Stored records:
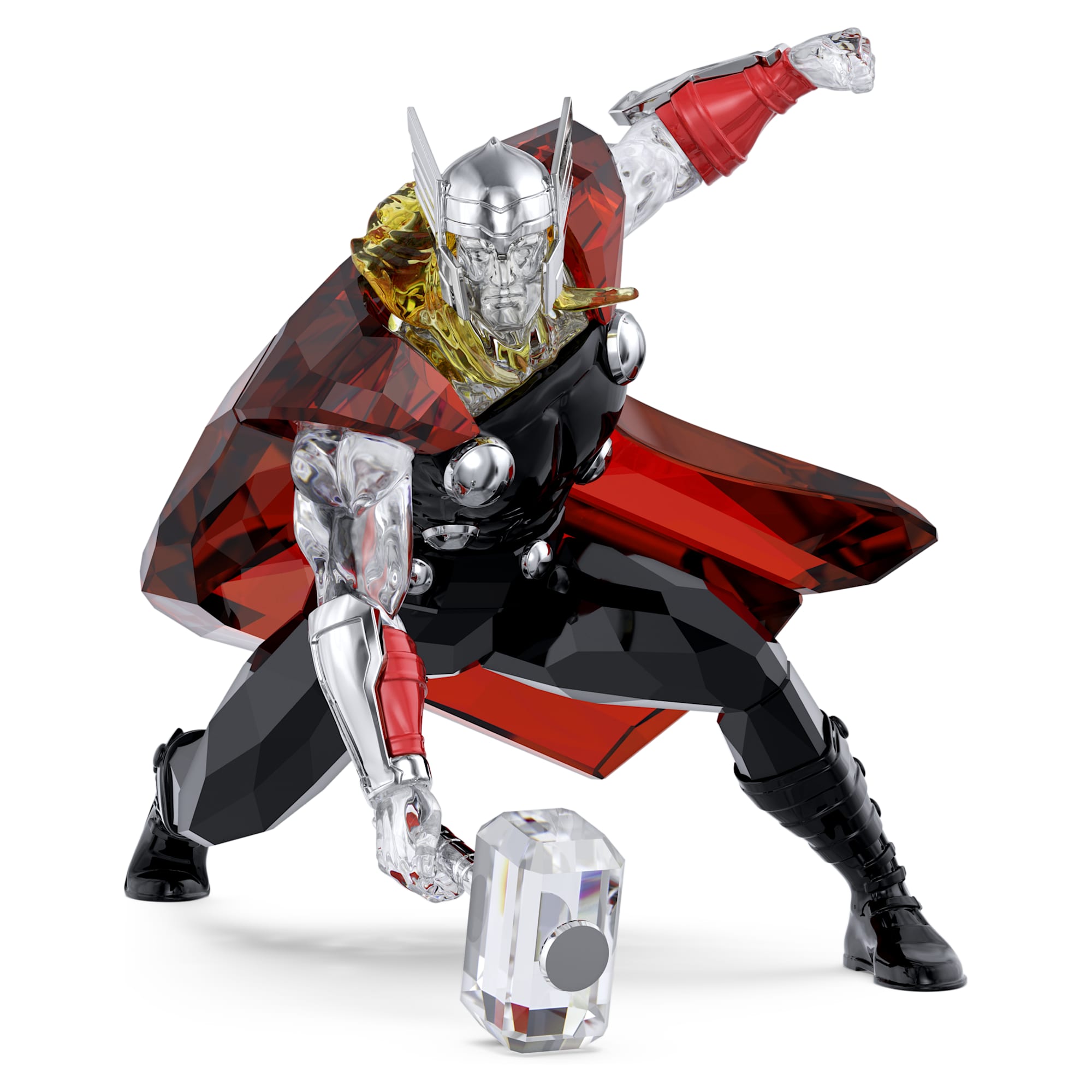 marvel-thor-swarovski-5677044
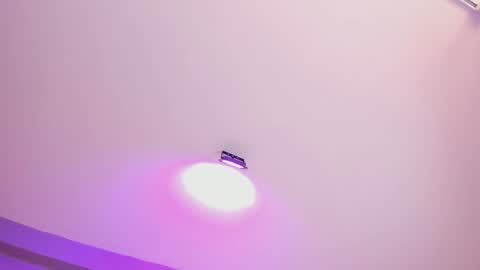 Snapshot of eva_bigboobs_ chatting on 02-13-25, 01:59 EVA  online show from 02-13-25, 01:59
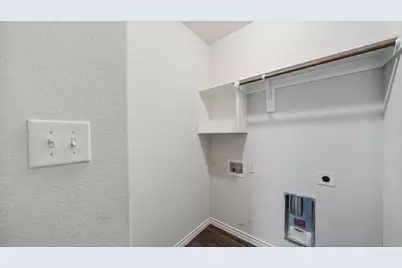 1307 Fantail Lane, Ennis, TX 75119 - Photo 5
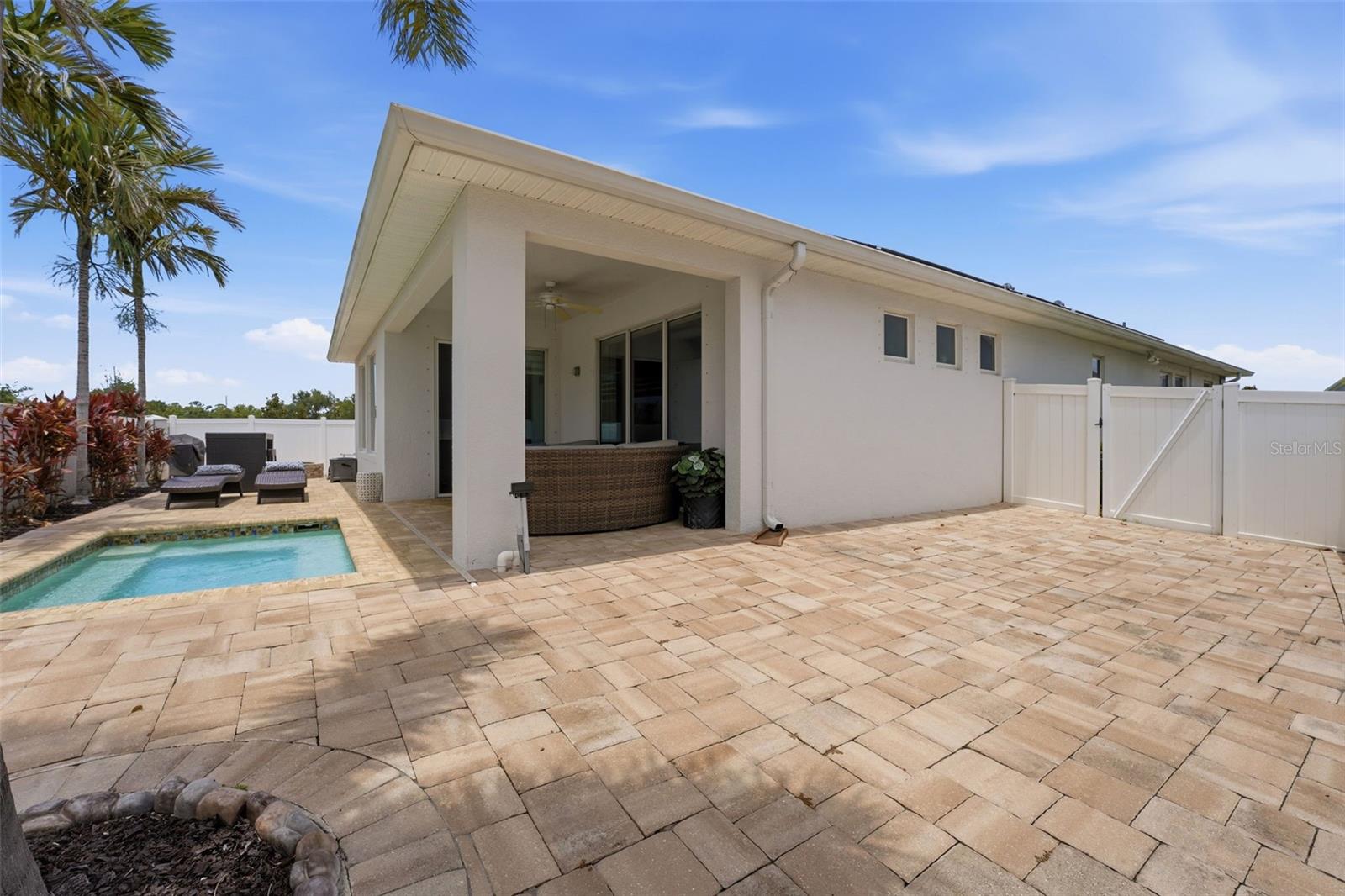 5518 SPANISH MOSS CV, BRADENTON, FL, 34203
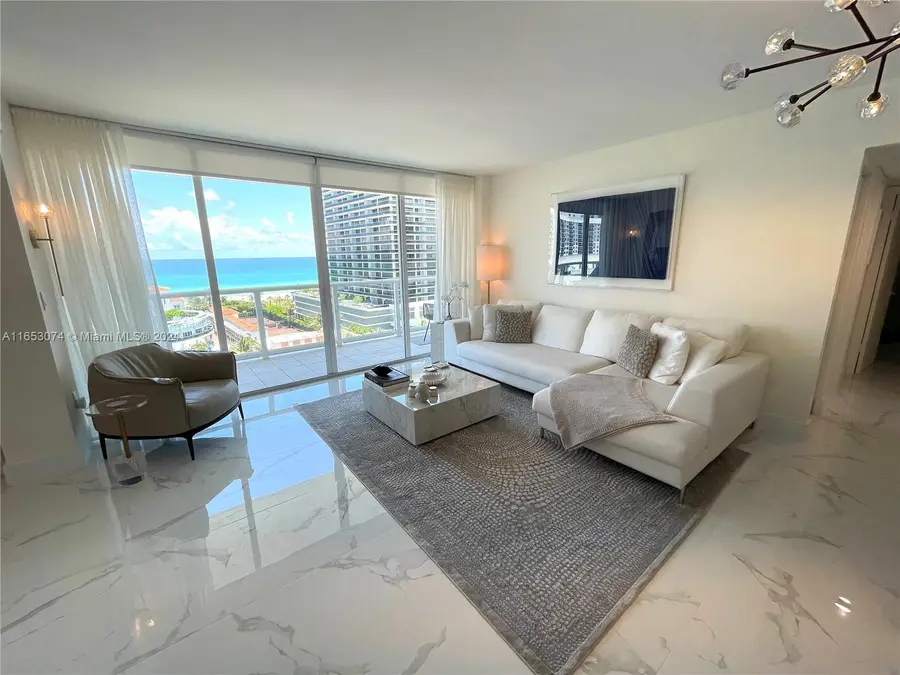 5900 Collins Ave #1104, Miami Beach, FL 33140 - Image #3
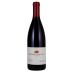 Martinelli Zio Tony Ranch Pinot Noir 2023 Front Bottle Shot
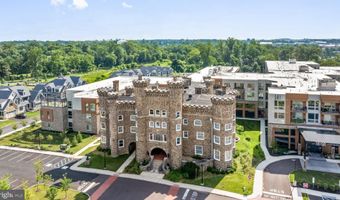 500 MATTISON Ave, Ambler, PA 19002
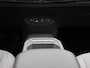 Kia EV3 Air 58.3 kWh | NAVIGATIE | hoge instap |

TASK DETAILS>
The pictures stay out; repeat exactly the lines from the one with "500 MATTISON Ave, Ambler, PA 19002" to the end of the entries above, and nothing else.

ANSWER TO THIS TASK>
 500 MATTISON Ave, Ambler, PA 19002
 Kia EV3 Air 58.3 kWh | NAVIGATIE | hoge instap |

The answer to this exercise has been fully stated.